The BOJ’s Stance Risks Geopolitical Tension With the US

The Tokyo skyline.

(4-minute read)  | 

All eyes were on the Bank of Japan (BOJ) this morning in what seems to be the most anticipated central bank meeting of the year so far. Volatility was getting compressed ahead of the meeting as markets awaited a pivotal decision on the account of rumours that the BOJ will change its previously-thought fixed monetary policy stance.

This came a month after the BOJ made changes to its Yield Curve Control (YCC) policy, changing the band of the JGB 10-year yields from a range of 25 basis points (0.25%) above or below, the 0% to a range of 50 basis points (0.5%) above or below the 0% range.
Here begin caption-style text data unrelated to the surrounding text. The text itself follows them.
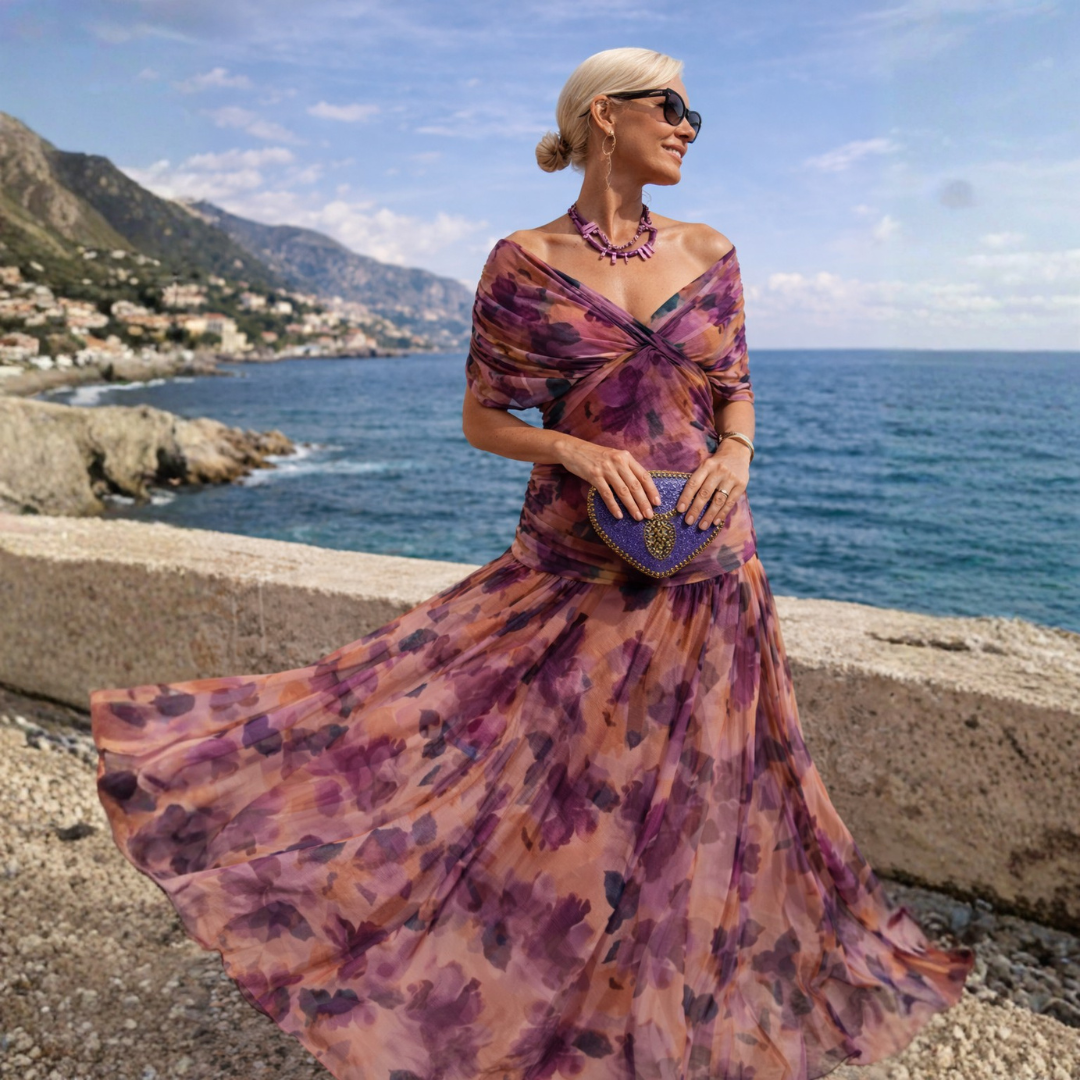 Robe longue Archer fluide
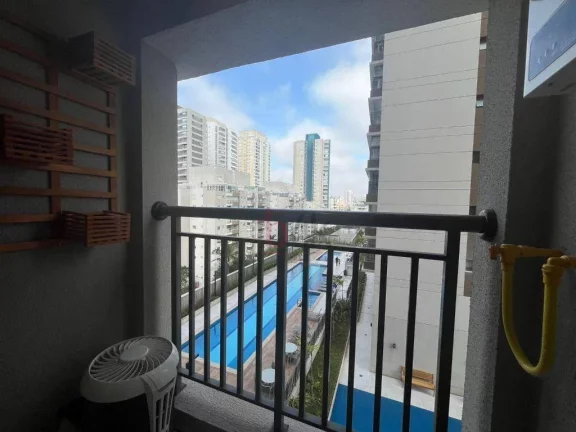 Imagem Apartamento com 1 dormitório para alugar, 29 m² por R$ 3.260/mês - Jardim Prudência - São Paulo/SP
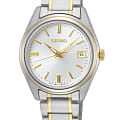 Seiko Seiko Conceptual Series Dress SUR320P1  SUR320P1 кварцевые мужские часы серебристый циферблат, браслет сталь c pvd покрытием — вид спереди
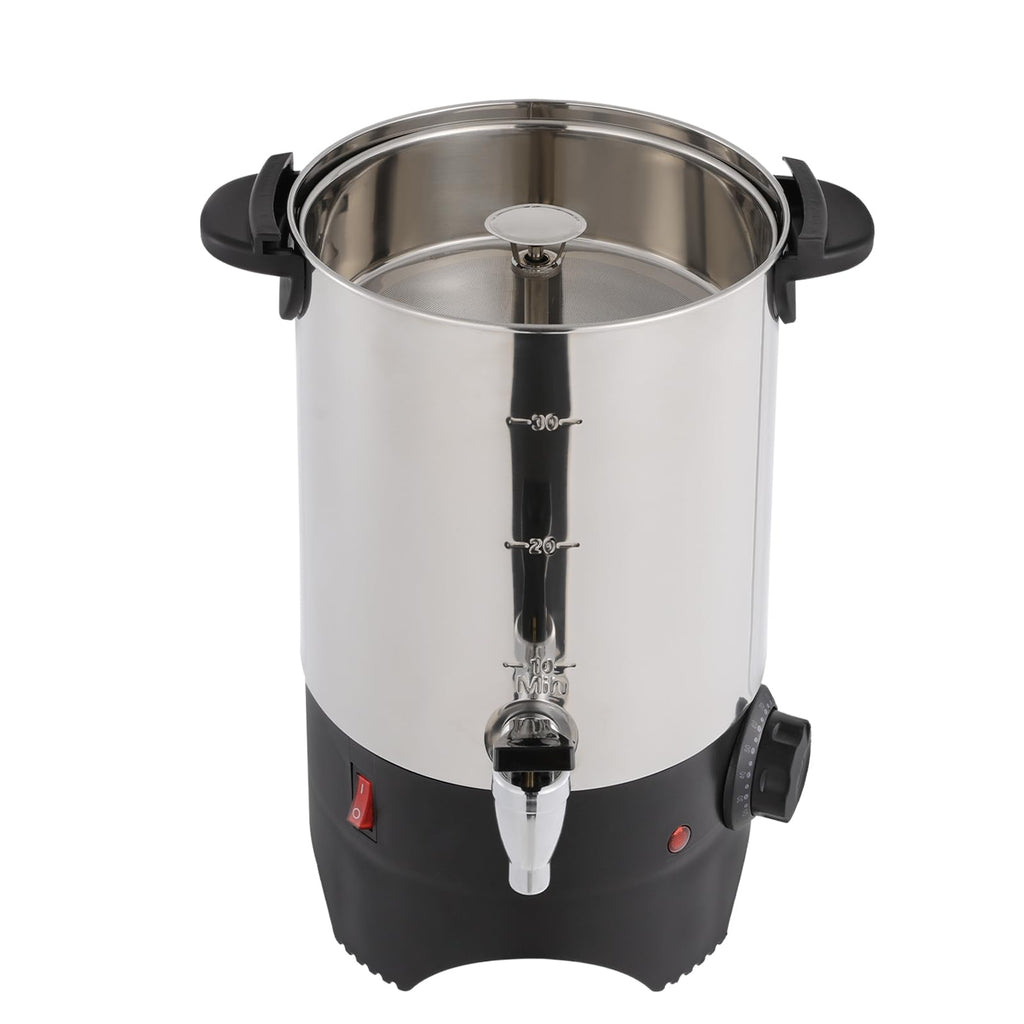 1.4 Gal Stainless Steel Coffee Urn N109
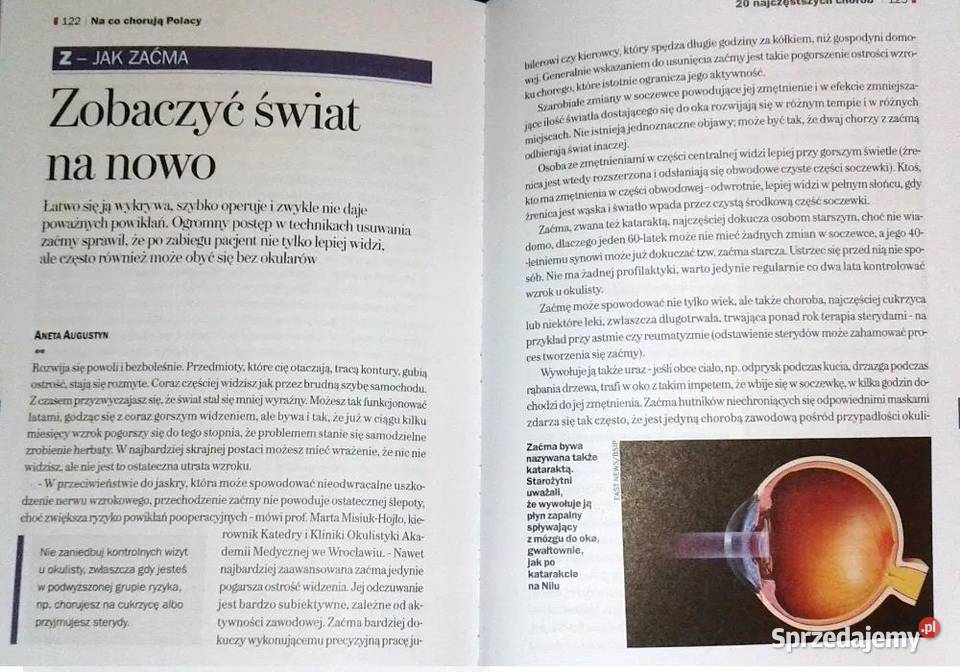 Na co chorują Polacy 20 najczęstszych chorób miękka Chełm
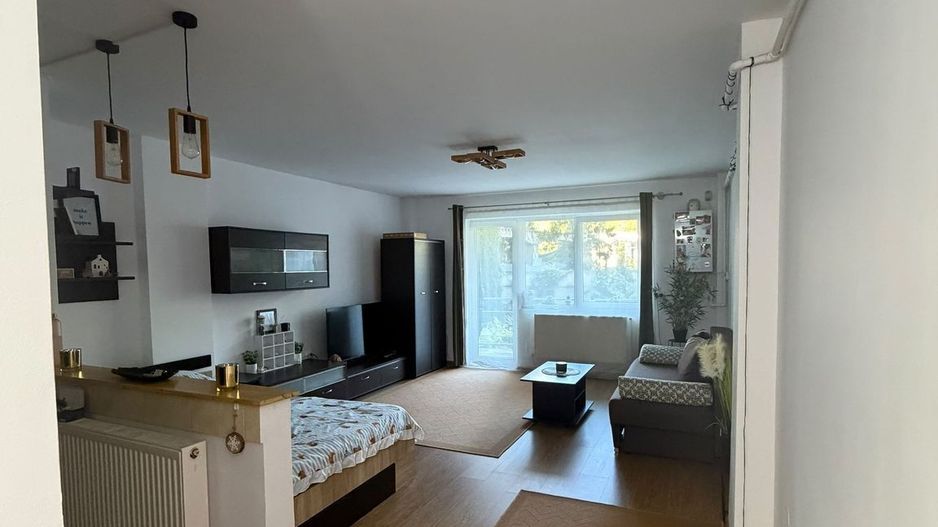 Garsonieră cochetă în Tilișca 40 mp + balcon generos Etaj 1 - Poză 2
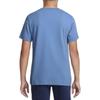Nike Kids Pullover Round Neck Short Sleeve T-Shirt Kids Tops Blue FZ5177-415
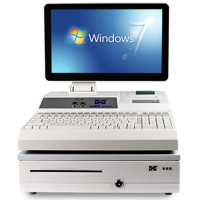 愛寶4800V收銀機收款機一體機餐飲服裝市便利店掃碼收銀系統 白色 連鎖版 愛寶4800V收銀機收款機一體機餐飲服裝市便利店掃碼收銀系統 白色 連鎖版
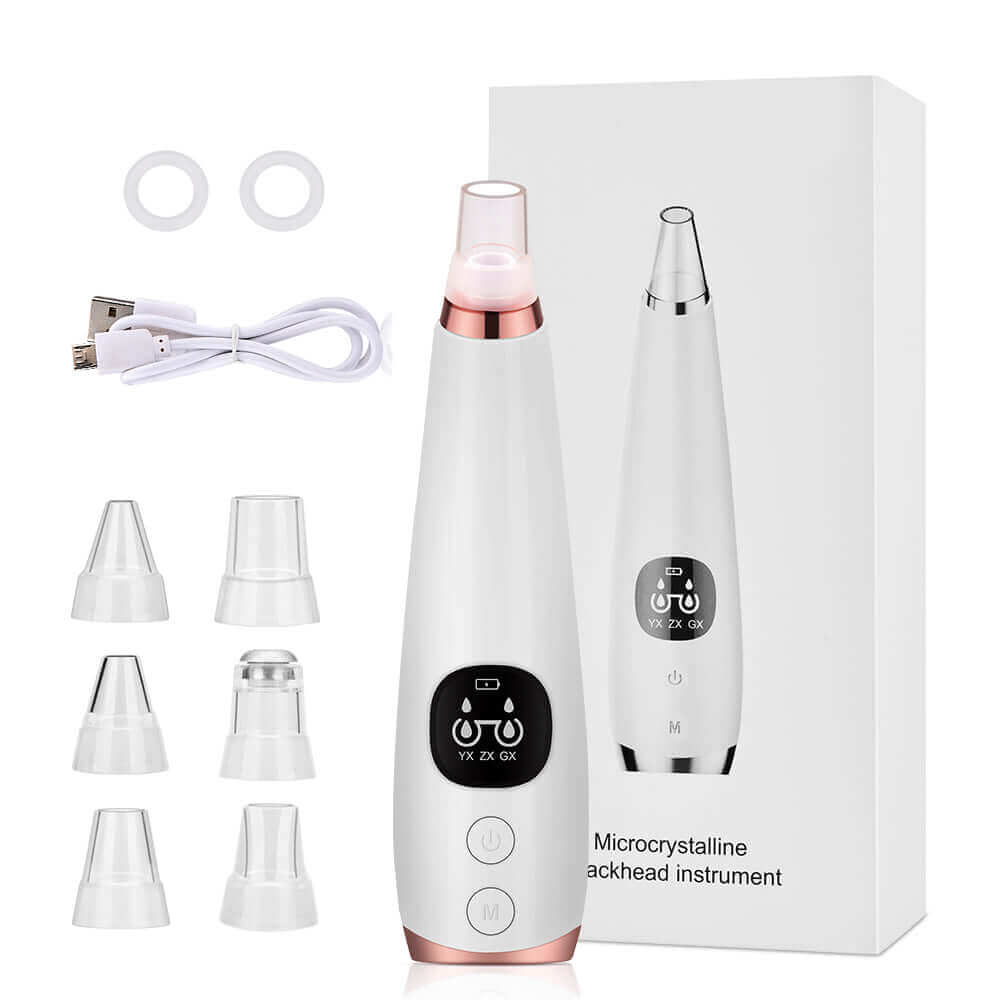 Blackhead Instrument Electric Suction Facial Washing Instrument Beauty Acne Cleaning Blackhead Suction Instrument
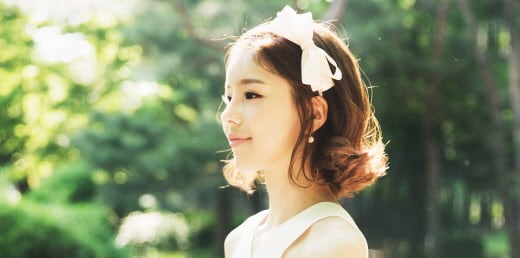 연예인급 반전 화이트스완 설보경, 화보 공개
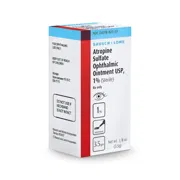 Atropine 3.5 gm Box/Carton showing the Front face.
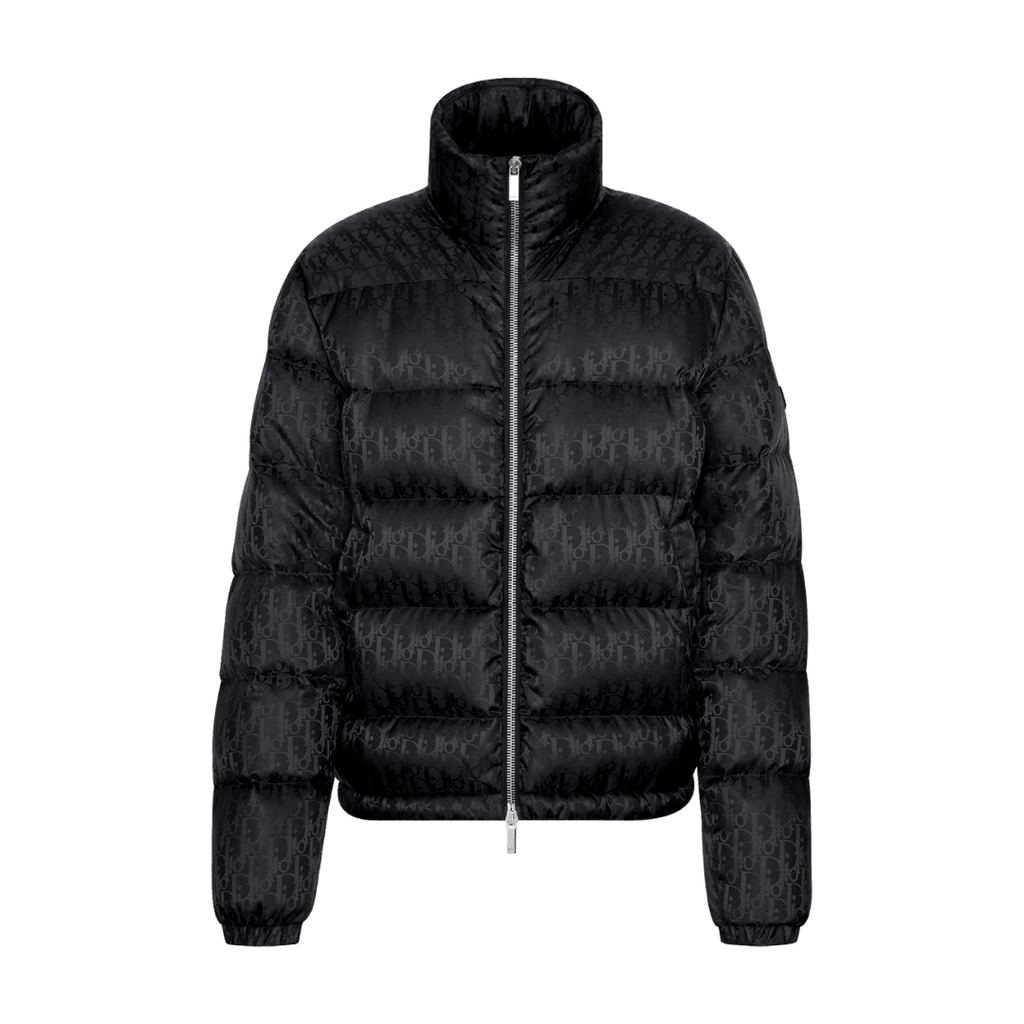 Monogram Black Jacket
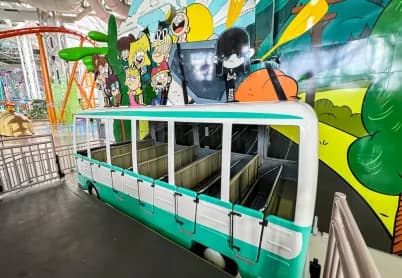 The Loud House Road Trip at Nickelodeon Universe at American Dream
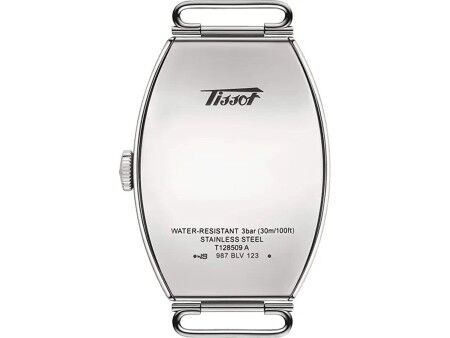 Zegarek Męski Tissot HERITAGE PORTO Srebrzysty Czarny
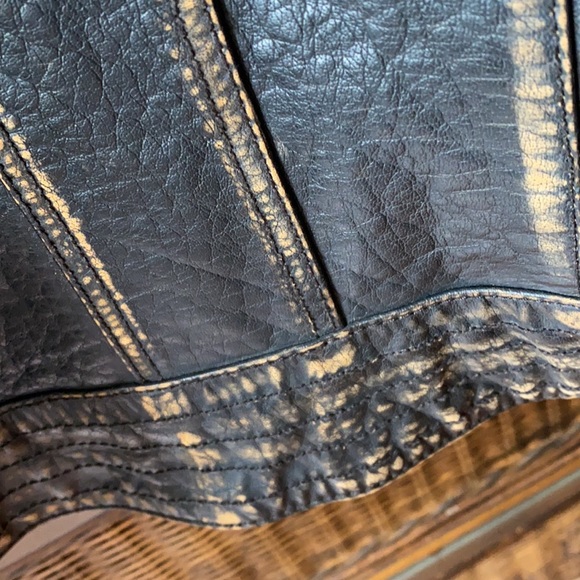 Jackets & Coats | Distressed Leather Jacket | Poshmark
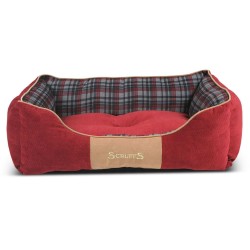 Scruffs Haustierbett Highland Rot L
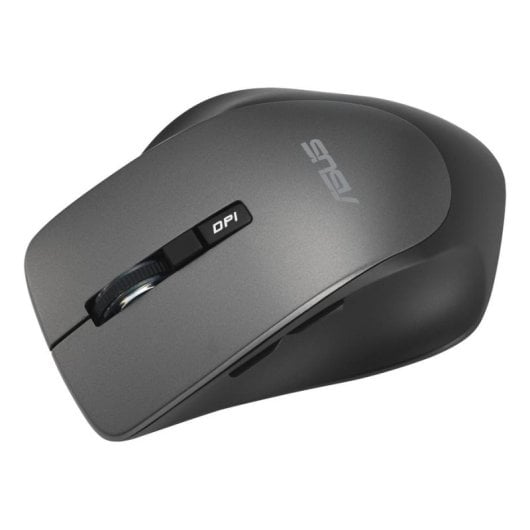 Ratón ASUS WT425 RF sans fil 1600DPI Noir Gris ergonomique 6 boutons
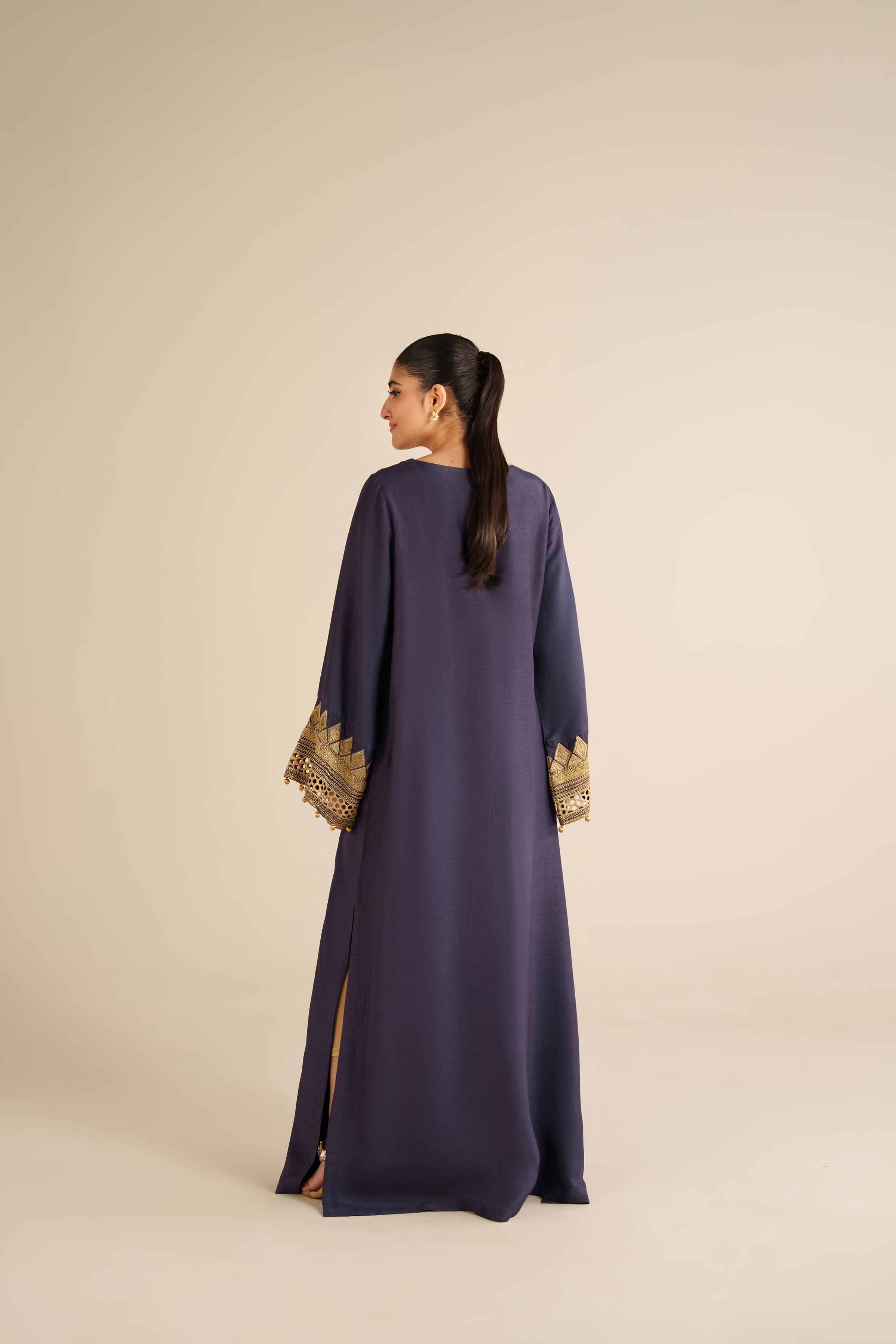 Embroidered Shirt - FW25-59 for Women - Pret Collection | Nishat | Shop Online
The move has signalled to markets that the BOJ is warming up to slowly changing its monetary policy stance, which still came as a shock to markets as they were previously hard bent on keeping it unchanged.

In the days leading up to the meeting, the JGB 10-year yields were breaking above the 0.5% threshold which prompted crazy levels of money printing and blowing through reserve assets to finance the suppression of yields (buying government bonds) below the top of the stated range. Because of the BOJ’s struggle to keep yields low, market speculators were betting on a change in monetary policy to let yields go higher to protect the BOJ’s reserves.

Much to the dismay of speculators, the BOJ kept policy unchanged even though they announced last week that they would be reviewing effects of their massive easing policy. Yields immediately retraced, managing to reach 0.36% before going slightly back up again.

The narrative on yields is an important driver to watch for the Yen and the Japanese stock indexes (Japan being an export economy and is reliant on a weaker Yen) as current low interest rates will prompt borrowers to borrow in Yen and convert it to another currency for spending, driving down the value of the Yen.

However, as the momentum in rate differentials top out (other central banks are expected to slow or pause hiking), flows are benefitting the Yen again after a disastrous performance in 2022. Speculators have started to take profits on Yen shorts in anticipation of a change in Japanese monetary policy and a Fed pivot.

The current status quo of burning through reserves and printing money to finance the purchasing of government bonds will slowly build up geopolitical risk between Japan and the US. Japan holds over USD $1 trillion in US Treasuries as reserve assets, making it the largest foreign holder of US Treasuries. As China has seen from the effects of Russia’s invasion of Ukraine, holding reserves in western assets will be considered digging your own grave as Russian foreign Treasury holdings were frozen in western bank accounts following the invasion.

The Chinese and the Japanese are the two largest foreign holders of Treasuries by a large margin, and should they start selling Treasuries in bulk (China is currently converting its US Treasuries to Gold), US pension funds will see their portfolio valuations collapse. This will morph into a political issue in the US as American citizens see the value of their retirement holdings dwindle day by day.

From what is seemingly a domestic issue, the BOJ’s actions will be a huge tail risk to the currency and interest rate markets (which will spill over to the US stock market). We will be watching this space very closely for the year ahead.